Intel showed the 32 threads of a Raptor Lake processor in Windows 11’s task manager. The company first demonstrated how the Blender program fully loaded all cores. Then Intel minimized Blender and performed a compute-intensive operation in Adobe After Effects. Blender was still taking the threads of the efficient cores and loading them 100 percent in the background, while the powerful cores did the math for After Effects.

Raptor Lake is the successor to Alder Lake and the first processors should appear this year. The most powerful processor of the Raptor Lake generation will offer 24 cores and 32 threads; this concerns eight so-called Performance cores and sixteen Efficient cores. Jim Johnson of Intel’s Client Computing Group promised “double-digit” performance gains over today’s Alder Lake, without providing further details. The processors will be socket and BGA compatible with Alder Lake systems. Intel further mentioned the combination with an upcoming M.2 module that can provide hardware acceleration for computational work related to artificial intelligence.

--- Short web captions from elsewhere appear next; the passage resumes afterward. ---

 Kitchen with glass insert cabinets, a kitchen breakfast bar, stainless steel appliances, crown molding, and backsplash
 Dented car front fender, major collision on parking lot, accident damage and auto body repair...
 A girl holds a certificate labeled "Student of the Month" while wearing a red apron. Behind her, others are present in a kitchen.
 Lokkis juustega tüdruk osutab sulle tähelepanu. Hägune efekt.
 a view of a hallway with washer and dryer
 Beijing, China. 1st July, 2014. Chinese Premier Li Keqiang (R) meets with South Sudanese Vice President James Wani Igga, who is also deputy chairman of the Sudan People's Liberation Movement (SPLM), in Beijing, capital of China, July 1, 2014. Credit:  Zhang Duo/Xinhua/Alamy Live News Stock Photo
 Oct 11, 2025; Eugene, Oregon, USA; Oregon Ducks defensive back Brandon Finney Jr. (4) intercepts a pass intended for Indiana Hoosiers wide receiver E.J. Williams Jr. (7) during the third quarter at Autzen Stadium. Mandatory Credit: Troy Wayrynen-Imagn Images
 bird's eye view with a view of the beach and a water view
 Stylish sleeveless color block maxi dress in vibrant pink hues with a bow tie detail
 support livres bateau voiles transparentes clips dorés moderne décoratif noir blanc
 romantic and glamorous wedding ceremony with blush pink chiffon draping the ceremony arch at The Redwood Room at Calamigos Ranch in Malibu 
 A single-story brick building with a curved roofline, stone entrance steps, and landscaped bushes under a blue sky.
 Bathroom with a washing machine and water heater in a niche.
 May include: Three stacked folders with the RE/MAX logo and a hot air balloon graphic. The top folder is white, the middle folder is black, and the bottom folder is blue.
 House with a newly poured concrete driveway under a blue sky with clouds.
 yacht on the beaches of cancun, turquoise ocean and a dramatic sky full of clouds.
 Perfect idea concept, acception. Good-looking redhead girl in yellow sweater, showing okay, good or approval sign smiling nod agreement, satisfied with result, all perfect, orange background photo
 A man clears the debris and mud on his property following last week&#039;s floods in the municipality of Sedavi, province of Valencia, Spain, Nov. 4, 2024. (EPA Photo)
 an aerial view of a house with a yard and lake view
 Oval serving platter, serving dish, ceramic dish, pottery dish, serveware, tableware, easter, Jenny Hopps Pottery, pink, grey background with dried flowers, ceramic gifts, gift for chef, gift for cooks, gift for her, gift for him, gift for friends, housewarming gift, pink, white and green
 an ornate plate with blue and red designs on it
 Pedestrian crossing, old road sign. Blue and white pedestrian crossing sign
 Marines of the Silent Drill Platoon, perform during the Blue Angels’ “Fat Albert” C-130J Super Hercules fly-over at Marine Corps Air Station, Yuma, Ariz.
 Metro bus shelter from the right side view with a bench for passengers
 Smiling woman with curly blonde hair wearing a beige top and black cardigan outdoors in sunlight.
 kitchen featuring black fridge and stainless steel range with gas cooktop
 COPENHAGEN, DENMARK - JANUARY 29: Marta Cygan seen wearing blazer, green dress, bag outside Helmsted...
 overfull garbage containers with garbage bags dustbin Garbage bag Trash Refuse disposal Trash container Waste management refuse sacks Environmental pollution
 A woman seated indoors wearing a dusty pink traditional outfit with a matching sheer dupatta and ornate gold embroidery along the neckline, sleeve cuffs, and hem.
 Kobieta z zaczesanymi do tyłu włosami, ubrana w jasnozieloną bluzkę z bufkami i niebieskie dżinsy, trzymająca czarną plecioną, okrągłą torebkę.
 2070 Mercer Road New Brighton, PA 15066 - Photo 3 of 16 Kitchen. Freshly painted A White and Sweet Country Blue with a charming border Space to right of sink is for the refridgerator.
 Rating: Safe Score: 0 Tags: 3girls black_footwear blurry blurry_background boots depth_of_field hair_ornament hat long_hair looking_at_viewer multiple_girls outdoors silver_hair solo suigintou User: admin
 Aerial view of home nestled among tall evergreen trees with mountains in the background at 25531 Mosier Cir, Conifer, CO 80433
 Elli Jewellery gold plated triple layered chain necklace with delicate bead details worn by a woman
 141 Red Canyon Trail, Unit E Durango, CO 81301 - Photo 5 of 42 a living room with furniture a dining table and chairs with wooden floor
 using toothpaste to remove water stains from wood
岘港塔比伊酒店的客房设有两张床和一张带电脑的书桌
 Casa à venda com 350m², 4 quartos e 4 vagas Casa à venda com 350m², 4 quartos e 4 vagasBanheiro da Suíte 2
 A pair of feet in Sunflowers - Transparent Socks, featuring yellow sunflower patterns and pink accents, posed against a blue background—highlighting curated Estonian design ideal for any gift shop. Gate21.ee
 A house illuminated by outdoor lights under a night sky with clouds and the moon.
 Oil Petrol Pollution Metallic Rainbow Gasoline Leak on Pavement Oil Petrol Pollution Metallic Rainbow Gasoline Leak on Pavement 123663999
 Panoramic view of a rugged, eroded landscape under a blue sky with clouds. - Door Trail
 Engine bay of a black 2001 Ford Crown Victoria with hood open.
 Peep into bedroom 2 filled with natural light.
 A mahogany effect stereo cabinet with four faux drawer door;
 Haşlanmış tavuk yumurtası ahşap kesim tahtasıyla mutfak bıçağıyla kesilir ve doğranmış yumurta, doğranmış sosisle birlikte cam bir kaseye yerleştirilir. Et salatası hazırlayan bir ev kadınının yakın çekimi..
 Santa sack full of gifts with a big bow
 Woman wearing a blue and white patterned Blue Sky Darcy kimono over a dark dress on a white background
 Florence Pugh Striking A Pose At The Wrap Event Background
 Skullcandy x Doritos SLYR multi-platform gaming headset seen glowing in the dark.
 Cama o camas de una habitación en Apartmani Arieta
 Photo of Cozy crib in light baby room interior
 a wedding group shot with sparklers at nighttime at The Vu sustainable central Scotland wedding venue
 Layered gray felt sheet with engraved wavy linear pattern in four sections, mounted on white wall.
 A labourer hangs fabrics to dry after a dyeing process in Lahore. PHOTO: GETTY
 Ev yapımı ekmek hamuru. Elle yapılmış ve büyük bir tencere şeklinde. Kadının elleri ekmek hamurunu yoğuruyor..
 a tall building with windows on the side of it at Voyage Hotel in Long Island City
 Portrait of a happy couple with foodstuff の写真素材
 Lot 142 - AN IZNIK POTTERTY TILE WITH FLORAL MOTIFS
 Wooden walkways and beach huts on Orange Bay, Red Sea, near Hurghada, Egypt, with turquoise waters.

Meteor Lake, Arrow Lake and Lunar Lake

At its Intel Investor event, the company gave a glimpse into the future. Meteor Lake and Arrow Lake, for example, should appear in 2023 and 2024, respectively. These are processor generations that Intel makes on its ‘Intel 4’ node, or 7nm process, and which consist of several chiplets. Intel connects these together via EMIB, which stands for embedded die interconnect bridge, and it uses its Foveros technique for stacking chips on a single package. Meteor Lake will receive an integrated GPU based on the Xe architecture and an accelerator for AI compute loads.

By 2024, Intel hopes to deploy its 20A node. Intel claims to be in the ngström era, but the node can be qualified as a ‘2nm’ process. From 2024, Lunar Lake will be at 18A. In its own words, Intel focuses mainly on the combination of economy and performance. Intel may then use Arrow Lake for more powerful systems and Lunar Lake for more efficient devices in 2024, but the company has not yet provided details about this.